Archive | December 18, 2014

How Santa Got His Job

How Santa Got His Job

How Santa Got His Job

 

 

 

 

 

 

 

 

How Santa Got His Job

Stephen Krensky

S.D. Schindler

Simon & Schuster, 1998

hbk., 32pp., 

978068806971

 

Santa Claus did not come into the world with his trademark red suit and curly white beard.  He wasn’t always jolly and overweight, full of love and good cheer.  When he was a young man he went looking for a job, but it had to be an outdoor job, not one that kept him stuck behind a desk in an office.  

At first he tried cleaning chimneys but he was so neat and clean that no one believed he had done any work.

Then he tried working for the post office but the traffic snarls frustrated him so he started delivering packages at night – but people did not like to be woken then and complained.

And so it went on – each job he tried had its pitfalls and problems until one day, after being fired from the circus he meet some elves who are toymakers and Santa’s perfect career was born.
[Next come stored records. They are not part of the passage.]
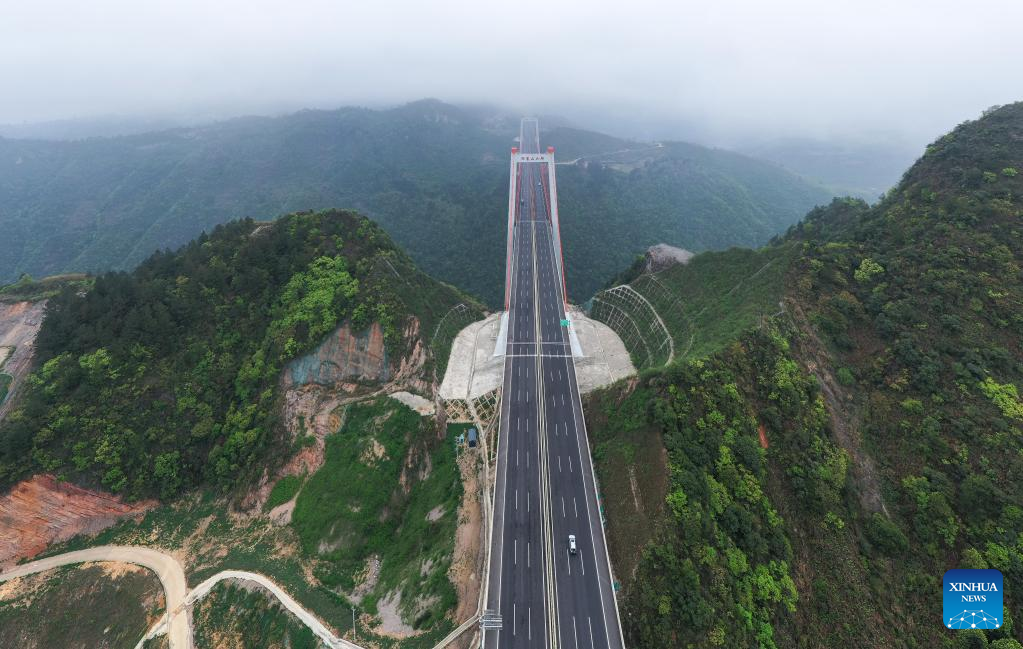 Bridges linking mountainous areas in SW China - China.org.cn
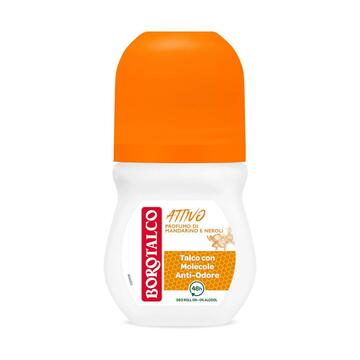 Borotalco deodorante roll-on attivo anti odore 50 ML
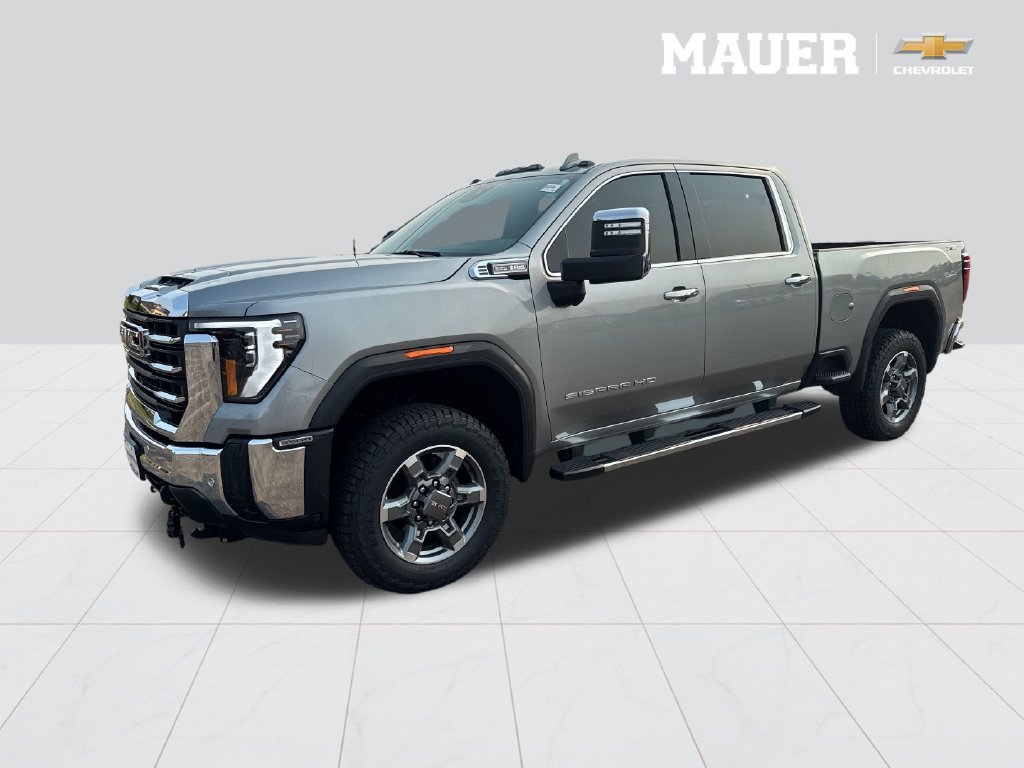 Used 2025 GMC Sierra 3500HD SLT with VIN 1GT4UUE77SF263489 for sale in Inver Grove Heights, Minnesota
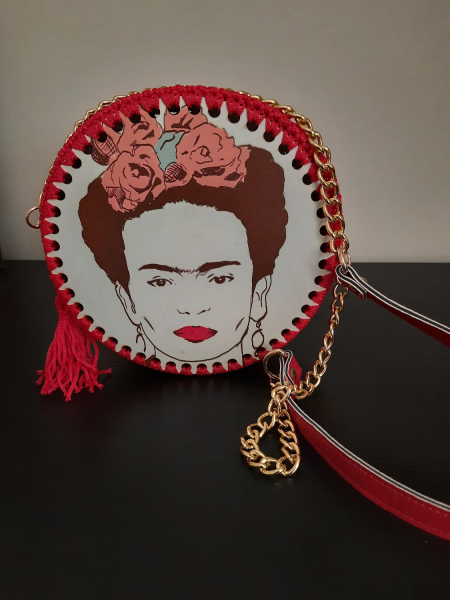 Frida Makaron Çanta 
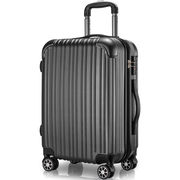 VARNIC スーツケース キャリーバッグ キャリーケース 機内持ち込み TSAローク PC素材 ファスナー式 Sサイズ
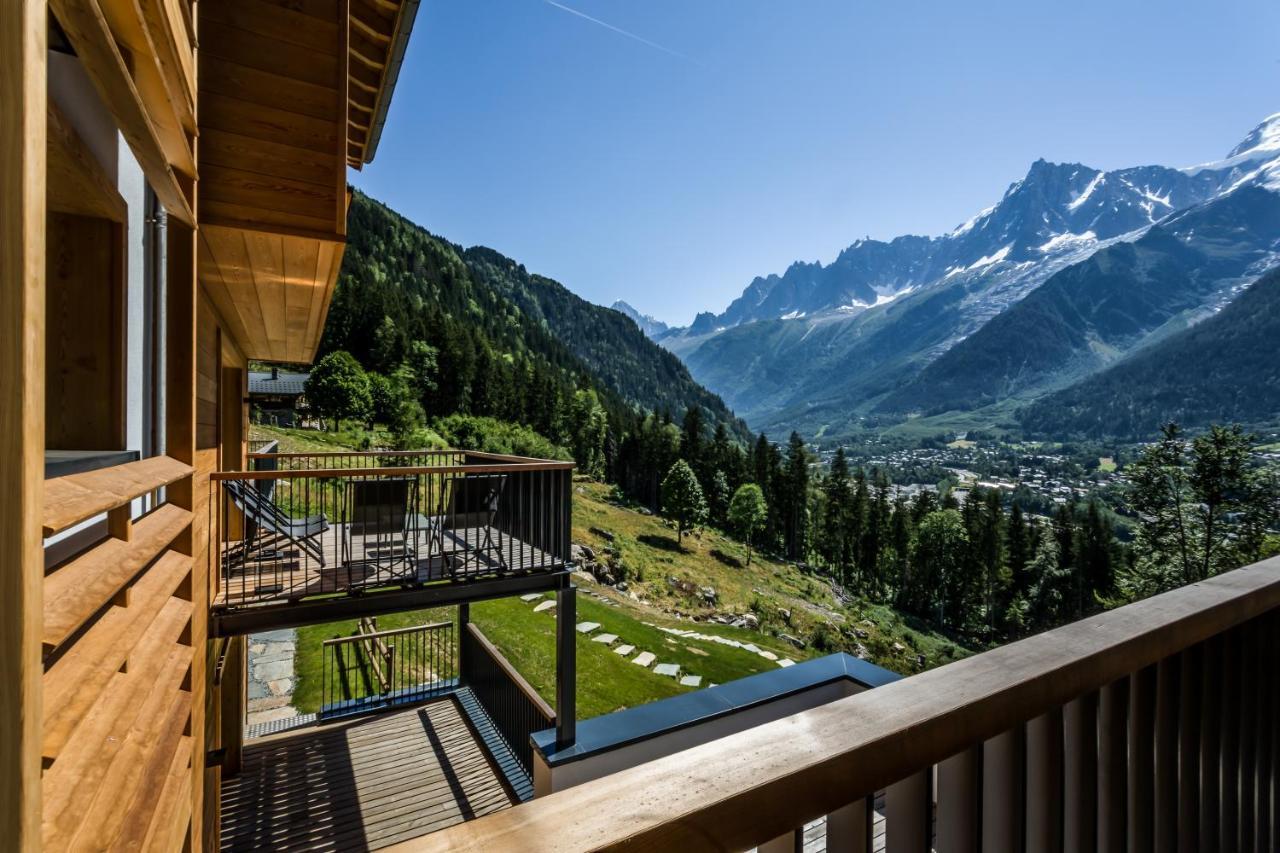 레우쉬 Le Chalet Mont Blanc B&B 외부 사진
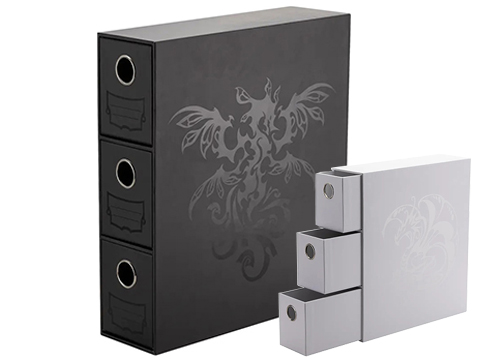 Dragon Shield Fortress Card Drawers Storage 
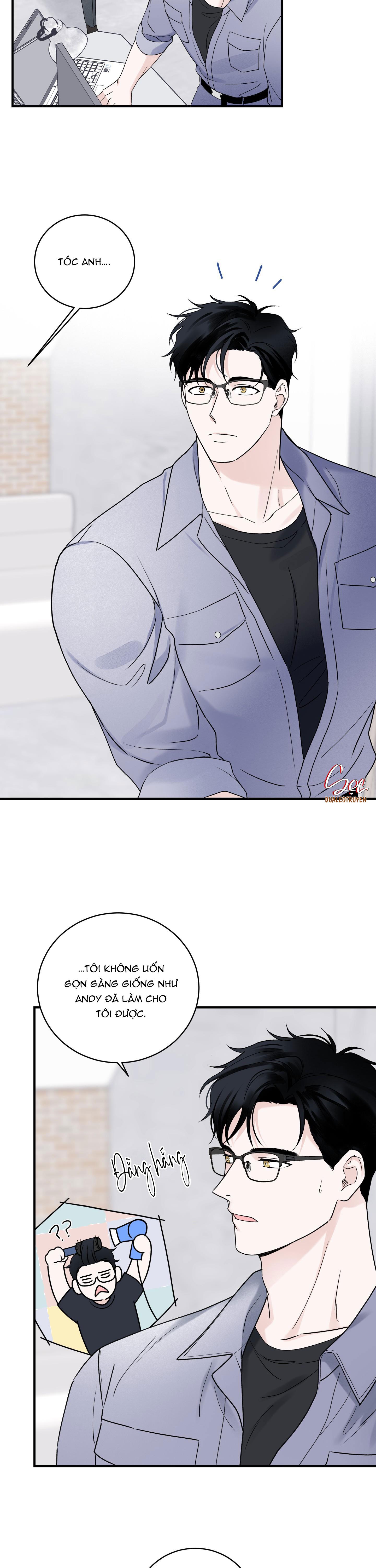 Đọc truyện OVER CLOCK - Chapter 23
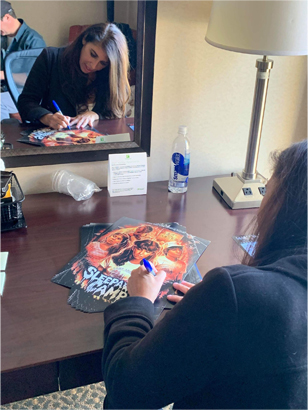 Felissa Rose Signing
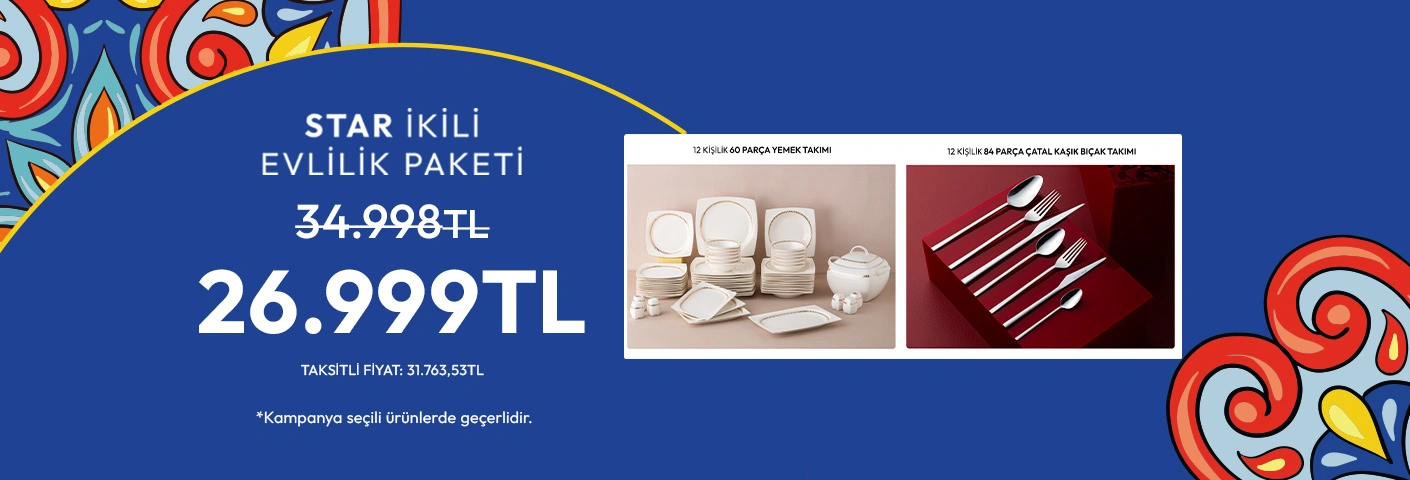 Emsan Star İkili Evlilik Paketi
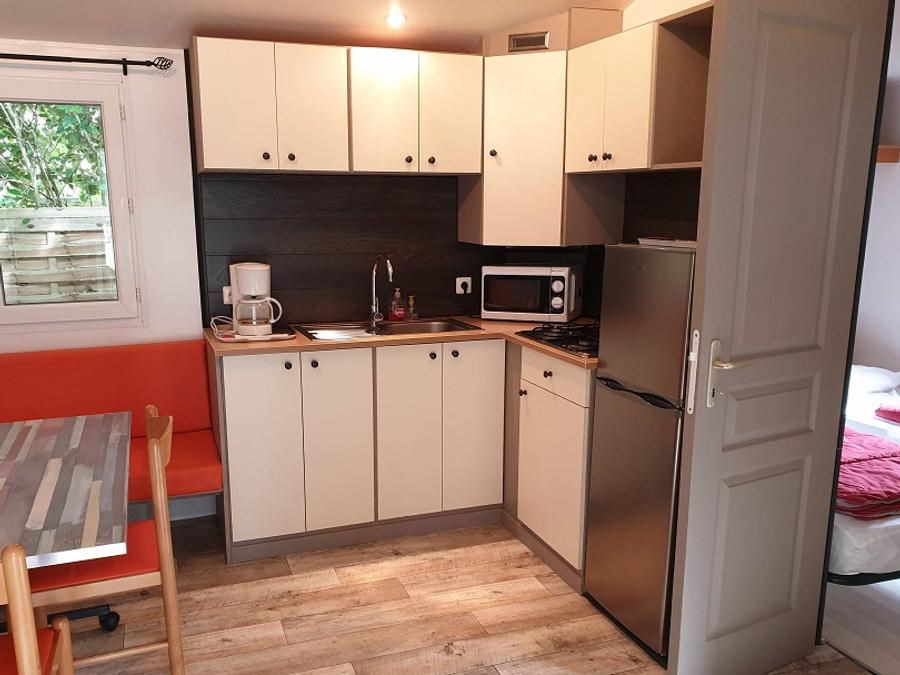 Mobilhome 4 personnes - Mobil home Confort IRM - 2 chambres - 25m² 1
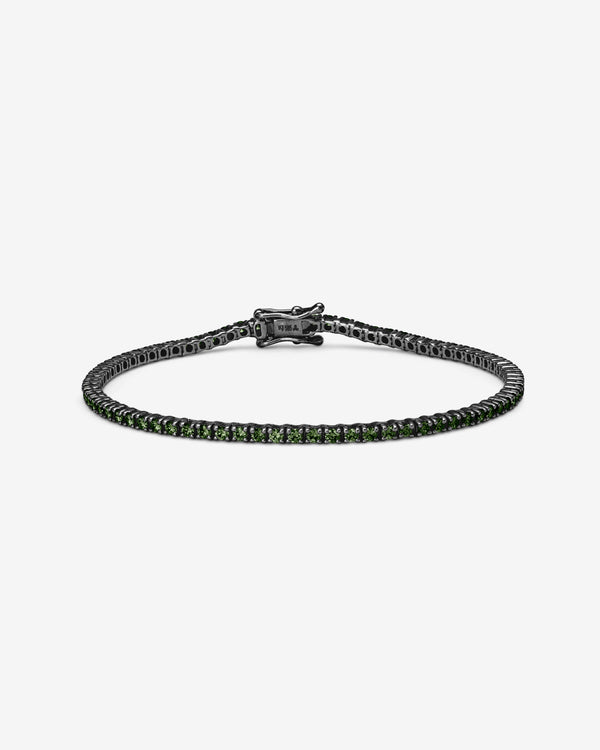 Kolours - Spectra Tennis Bracelet - (Green)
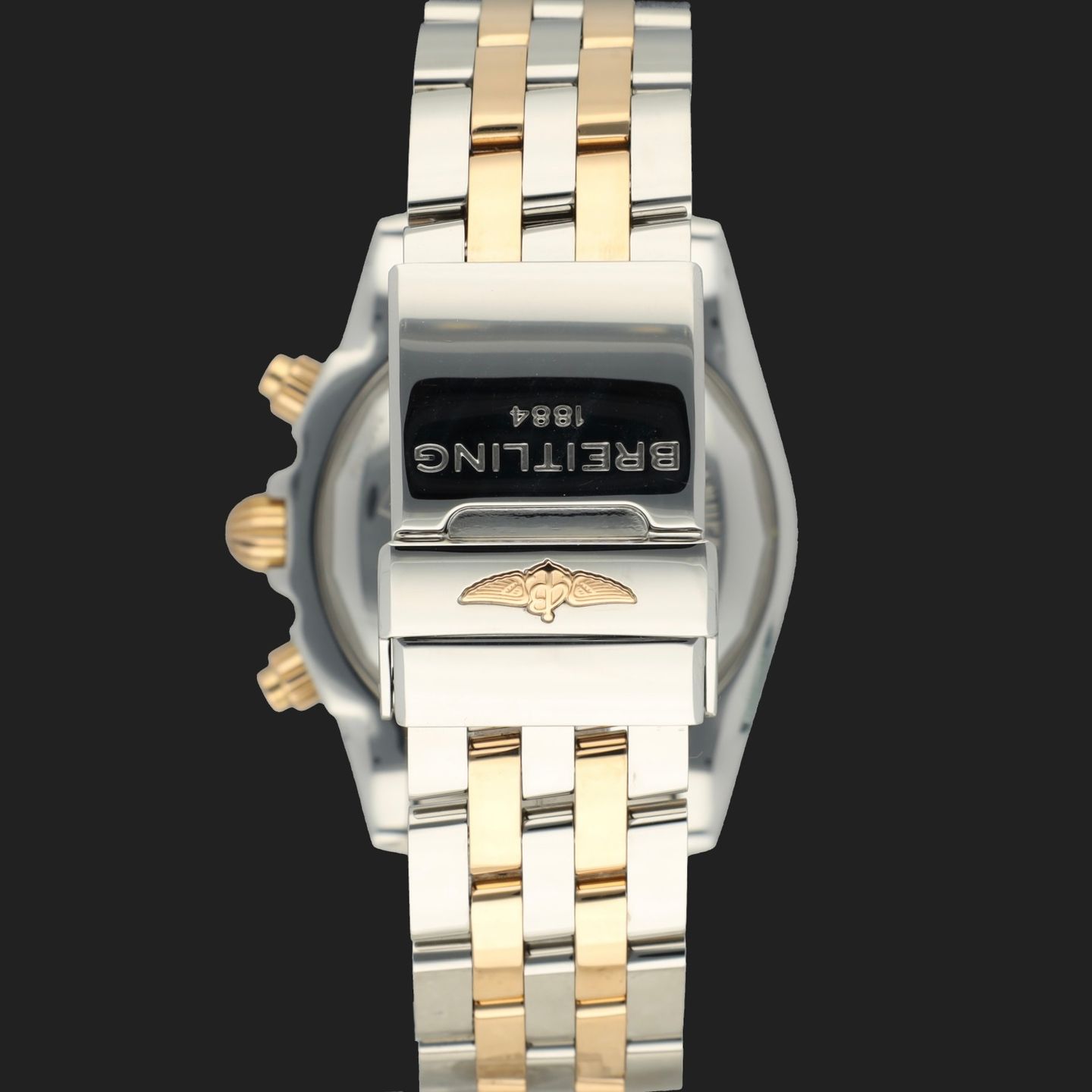 Breitling Chronomat 44 CB011012.A693.737P (2015) - White dial 44 mm Steel case (6/8)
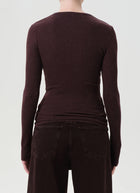  Delphi Slim Tee by AGOLDE at Andrews 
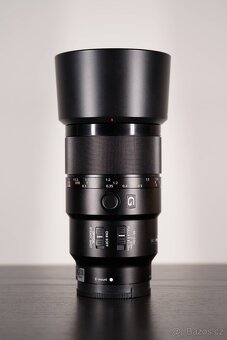 Sony FE 90mm f/2.8 Macro G OSS jako nový + UV filtr - 4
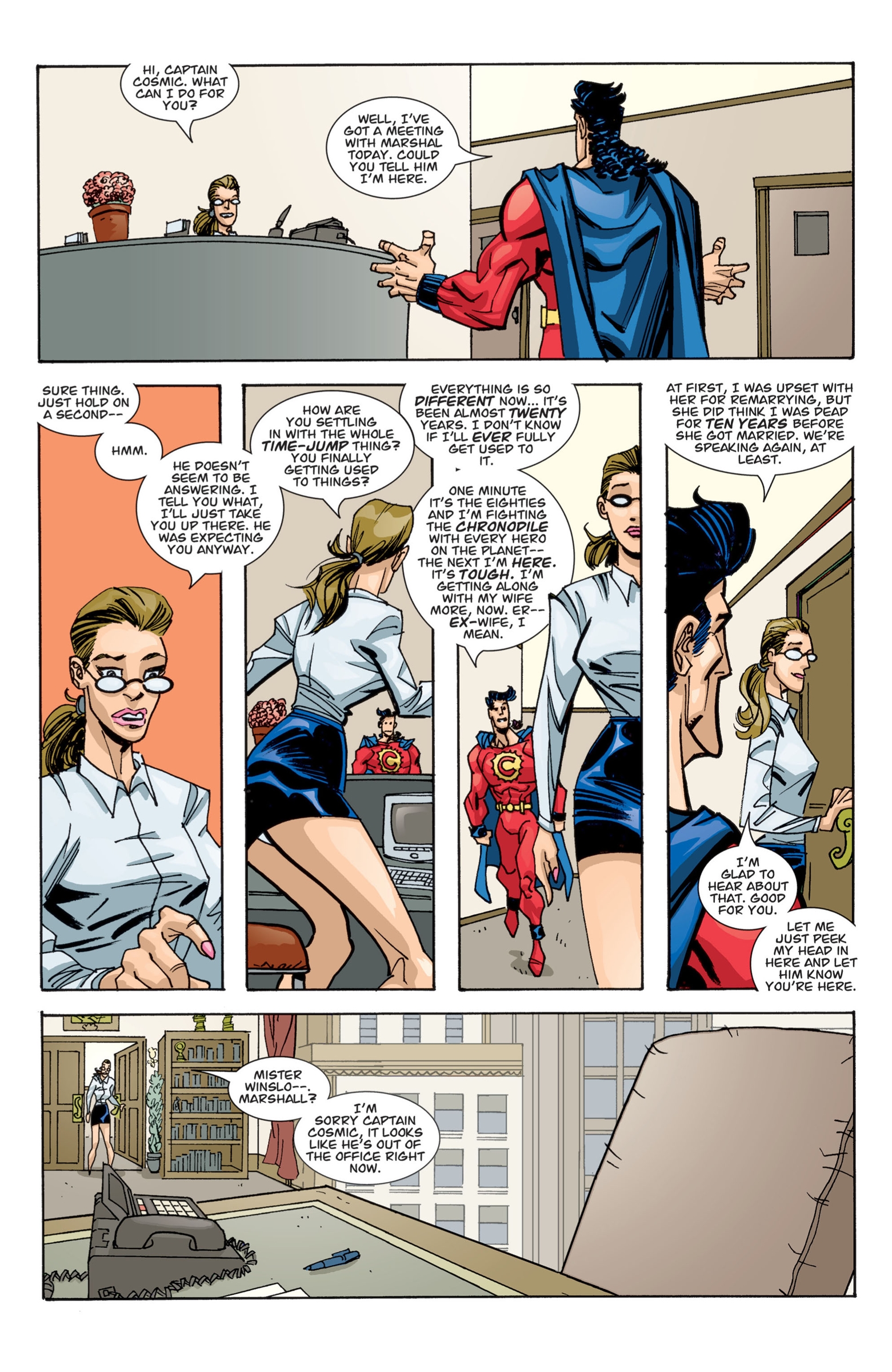 Invincible (2003) Issue #28 - Page 28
This is an amusing twist on the more traditional story of Santa Claus but totally believable if you are Miss 3 who just adores it.  An internet search shows that it has great appeal for older kids as well as it forms the basis of many lessons about “Why do we need a job?” as well as cause and effect and sequencing, but my little ones like it because it’s funny and it helps them make sense of this Santa-thing and they enjoy Christmas even more.  The illustrations are very detailed and are an integral part of the story.  Schindler has taken Krensky’s words and brought them to life, each working with the other in the way perfect picture books should.  Setting some of them against a background of Help Wanted advertisements shows the thought that has gone into them.

This is another of those stories that I have from many years ago and which I’ve kept to share with the grandchildren so they are now family favourites.